The title of the new French film playing at the Varsity Theater, Chicken with Plums, only relates to the movie in two ways.
1. Like the meal, the movie is a delicious blend of different ingredients that somehow blends deliciously, sweet and salty: It’s an imaginative meal for your film-viewing eyes. And 2: The protagonist’s wife, in the last moments of desperation over her husband’s suicidal pact with himself to wait in bed until he dies because he can no longer live without the violin she has broken, hopes to lure him back to the safe harbor of sanity through cooking him his favorite meal of chicken and plums in an attempt, if you will, to have him regain a taste for life.

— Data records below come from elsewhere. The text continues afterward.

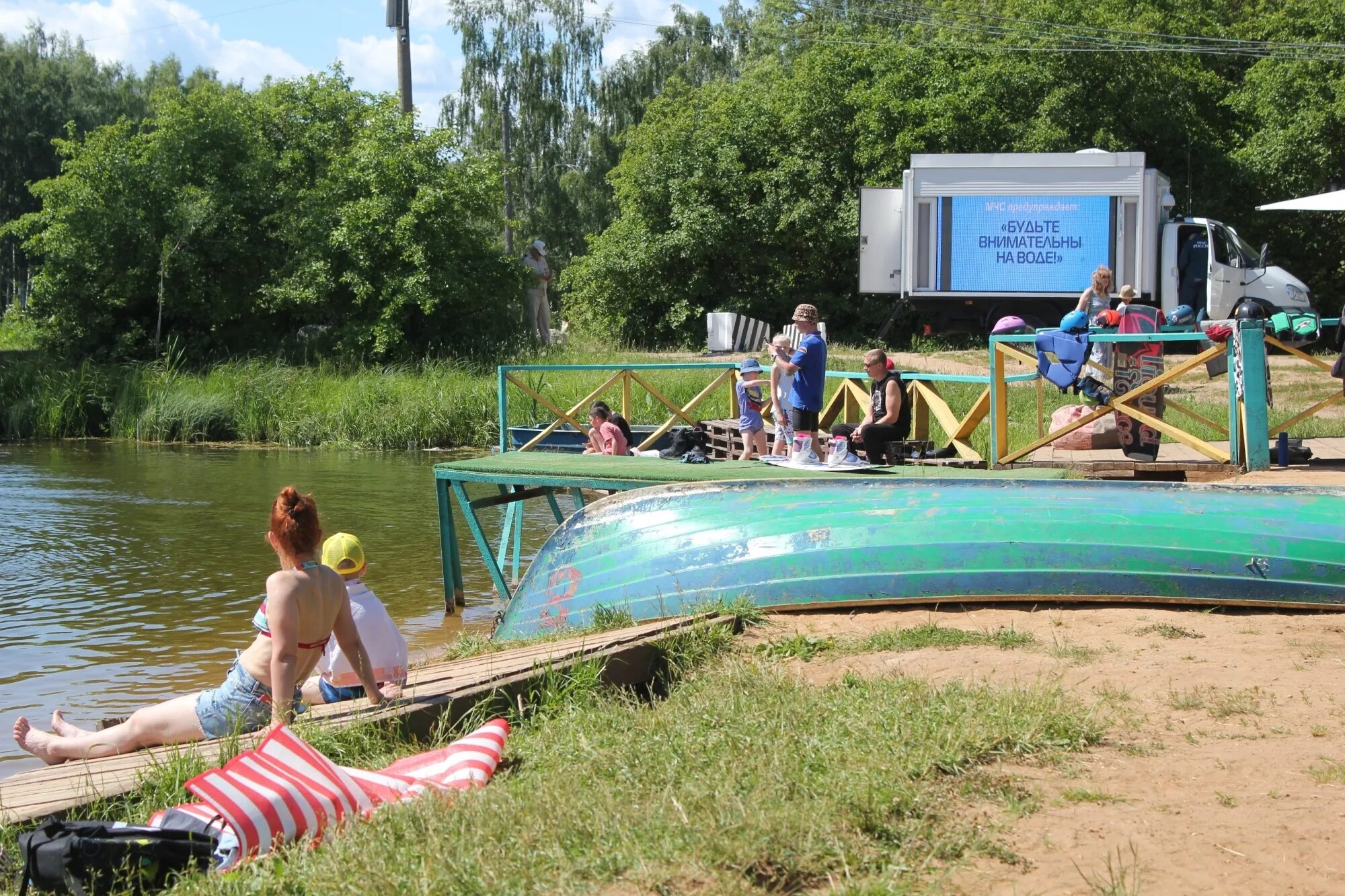 Терем снегурочки кострома. Серебряный плес кострома. Кострома отдых с детьми. Кострома отдых с детьми. Латышово костромская область.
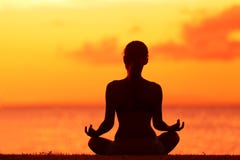 Donna di benessere che fa meditazione di yoga di zen sulla spiaggia fotografia stock libera da diritti Donna di benessere che fa meditazione di yoga di zen sulla spiaggia fotografia stock libera da diritti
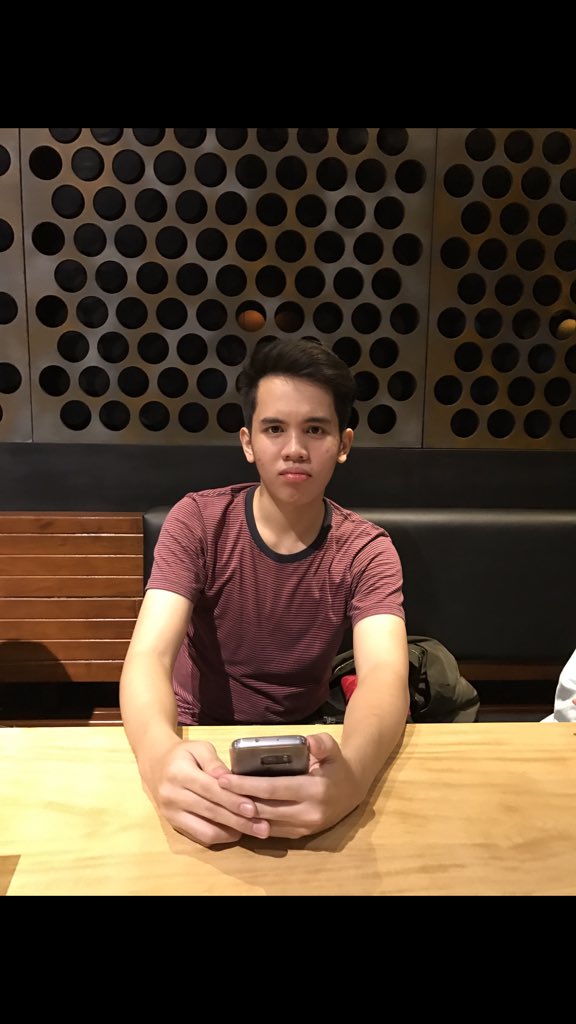 Reineriooo's tweet photo. Wtf is this 2017 me vs 2018 me https://t.co/oDn3YPvdFe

This French film is written and directed by Vincent Paronnaud and Marjane Satrapi, who both also wrote and directed the film Persepolis, an Academy Award nominee for Best Animated Film.
Though I never saw Persepolis, I can see how Paronnaud and Satrapi’s background in creatively composing animation comes into play in Chicken with Plums, which contains some whimsically dark elements of animation that are dropped in during particular moments of the narrative, enhancing the theatrical and fantastical feel of the film.

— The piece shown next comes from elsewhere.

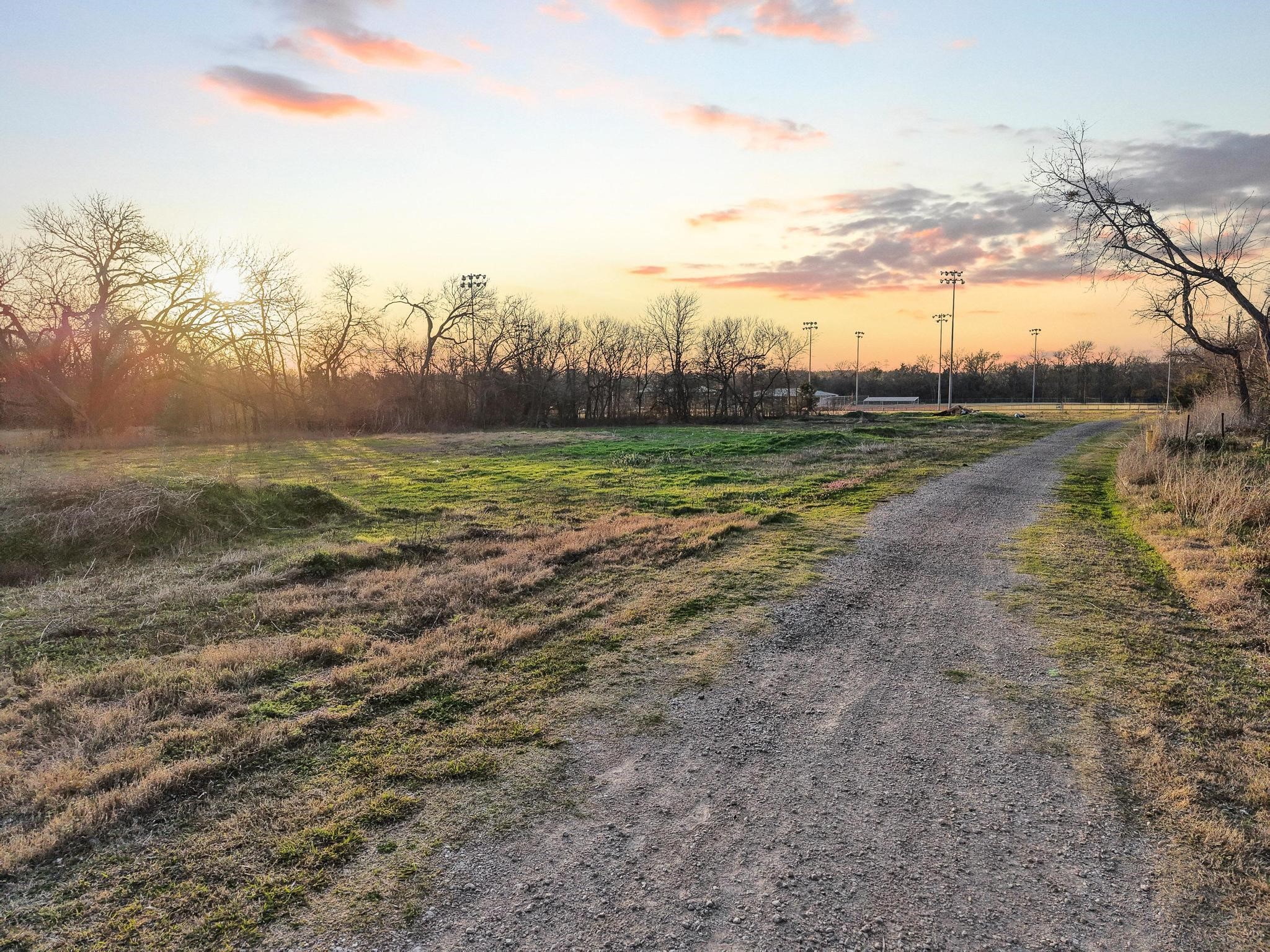 120 Holmes Street Trenton TX 75490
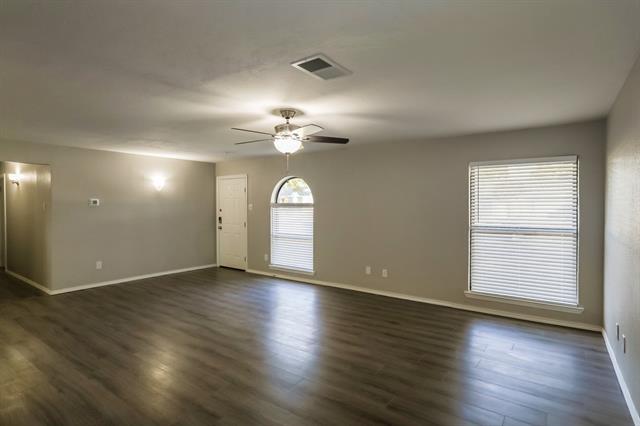 Building Photo - 1026 Springwood Dr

Nasser Ali is a world-famous violin player who was once passionate and alive, but is now married to a woman he doesn’t love and can only find solace in playing his violin, at the cost of his relationship with his wife and children.
They live their married lives together in a state of tension and unfulfilled hopes of happiness, and one day, the wife snaps. She breaks it in an outburst of anger, and Nasser Ali resolves to die once he realizes that no other violin can replace the one that lies in pieces, swathed in a lacy cloth beneath his bed.

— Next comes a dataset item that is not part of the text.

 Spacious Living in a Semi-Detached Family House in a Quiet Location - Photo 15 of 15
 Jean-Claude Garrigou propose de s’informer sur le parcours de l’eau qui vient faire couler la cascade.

The film is formatted around the eight days it takes Nasser Ali to die. He waits for death to take him away gracefully as he lies in bed. He considers other options, like lying down on the railroad track, or swallowing pills and covering his head in a plastic bag, but he doesn’t want to be known as The Great Violinist Plastic Bag Guy.
During each of these dismal days, we gain insights into his life — his past and his relationships. We flash into the the far future of his adorable children (who speak in the cutest of French as children and become dark and disturbed in their adult years), just as we flash into the far past of his childhood and, later, into the pivotal relationship with the only love of his life, a beautiful brown-eyed brunette named Iran who inspires him emotionally, and by association, musically.
As the days pass and Nasser Ali continues deteriorating, we see the memories of his life literally flash before his, and our, eyes. During each of these time-flashes, we see a different layer of the narrative fly loose, revealing something new and unexpected underneath.
We begin to ever so subtly discover why he is the quirkily stale-faced and seemingly melodramatic, moustached man he is today as everything falls into place. We understand why he is so cold toward his puppy-dog wife, and why it makes sense for him to give up on life.
These time-flashes pull us deeper down the rabbit hole of his demise, but the fall is surreal, whimsical and often humorous. We learn that music and love are inexorably connected, and when one is gone, so is the other.
The film is darkly humorous, with scenes that lift you up into strange worlds using animation, parody, film noir and theatrical lighting and composition.
Mythical and imaginary beings, like the Angel of Death, appear in scenes conversationally. Tiny rooms transform into enormous rooms and cities become scenes from pop-up books. Ghosts appear and disappear and scenes transition into other scenes almost poetically.
The film, in its form, is like a collage of memories, and in its medium, like a collage of diverse cinematography. The result is gorgeous and writhing with emotion.